= Monastery of the Mother of God (Olmedo) =

Dominican monastery in Spain

The Monastery of the Mother of God is a convent of Dominican nuns sited in Olmedo, Valladolid Province, Spain.
It was founded in 1528 as a beaterio (beguinage), under the title of Sta. Catalina, under the protection of Doña Francisca de Zuñiga, abbess of San Paio, Santiago.

==History==
The monastery was seized in the Ecclesiastical confiscations of Mendizabal.
Despite a government ban, it remained active in the figure of the Mother Prioress Isabel de Garcimartín, who together with three novices kept it until 1868. Although the monastery returned to its religious status in 1868, it was less height reaching and was on the verge of disappearance in later years.

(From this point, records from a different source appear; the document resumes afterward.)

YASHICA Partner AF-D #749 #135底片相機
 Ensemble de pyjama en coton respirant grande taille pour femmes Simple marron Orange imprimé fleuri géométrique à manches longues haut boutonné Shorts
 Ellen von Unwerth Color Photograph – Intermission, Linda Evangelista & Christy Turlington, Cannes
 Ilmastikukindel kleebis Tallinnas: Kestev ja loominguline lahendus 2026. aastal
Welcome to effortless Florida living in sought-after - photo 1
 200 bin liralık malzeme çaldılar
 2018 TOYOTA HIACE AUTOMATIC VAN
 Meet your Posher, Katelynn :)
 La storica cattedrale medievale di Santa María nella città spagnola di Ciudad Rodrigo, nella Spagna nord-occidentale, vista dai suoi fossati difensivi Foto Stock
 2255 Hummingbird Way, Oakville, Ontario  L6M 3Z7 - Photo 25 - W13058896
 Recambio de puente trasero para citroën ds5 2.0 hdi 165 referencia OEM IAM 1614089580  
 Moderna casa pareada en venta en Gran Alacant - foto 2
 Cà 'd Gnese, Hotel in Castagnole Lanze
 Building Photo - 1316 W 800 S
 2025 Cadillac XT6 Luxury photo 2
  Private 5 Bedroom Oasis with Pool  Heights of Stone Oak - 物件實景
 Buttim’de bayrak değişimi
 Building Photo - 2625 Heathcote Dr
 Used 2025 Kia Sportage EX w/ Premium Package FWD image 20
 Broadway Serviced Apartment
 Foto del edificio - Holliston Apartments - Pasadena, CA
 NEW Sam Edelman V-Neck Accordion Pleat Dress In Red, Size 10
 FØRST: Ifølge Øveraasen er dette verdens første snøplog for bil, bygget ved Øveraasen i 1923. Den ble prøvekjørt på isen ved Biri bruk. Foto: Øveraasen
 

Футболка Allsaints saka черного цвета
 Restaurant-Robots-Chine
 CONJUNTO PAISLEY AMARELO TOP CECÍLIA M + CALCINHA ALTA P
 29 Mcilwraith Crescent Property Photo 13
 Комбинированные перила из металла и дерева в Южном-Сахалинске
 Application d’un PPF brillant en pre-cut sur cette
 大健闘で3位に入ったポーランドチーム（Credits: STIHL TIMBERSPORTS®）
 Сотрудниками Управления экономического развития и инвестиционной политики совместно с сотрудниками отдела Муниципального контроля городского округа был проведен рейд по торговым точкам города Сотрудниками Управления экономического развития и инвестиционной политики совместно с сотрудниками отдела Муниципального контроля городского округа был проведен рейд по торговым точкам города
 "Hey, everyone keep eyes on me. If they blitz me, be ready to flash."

In the 1950s, the monastery sought help from the community of Dominican Sisters of Daroca (Zaragoza), which sent them three nuns to continue religious work (including sister Teresita del Niño Jesús Pérez de Iriarte). The present building dates from the seventeenth century, and was rebuilt in the nineteenth century.

==Publications==
The Monastery has made several publications of books written by Mother Teresa M. de Jesús Ortega.
- "Historia de un Sí", COLECCIÓN VIDA RELIGIOSA, Nº 19. EDITORIAL COCULSA. 2ª ED. MADRID, 1963. (translated into Italian and Chinese).
- "Sí a nuestros compromisos" (translated into English).
- "Sí, Dios".
- "¿Qué dijo Dios al volver?" (sobre Sta. Catalina de Siena).
- "Canto rodado" (vida de Madre Teresa M. Ortega) by D. Baldomero Jiménez Duque.
- Trigo de su era: 1738 pensamientos desde la vivencia de la fe, Edibesa, 2003.ISBN 84-8407-412-9.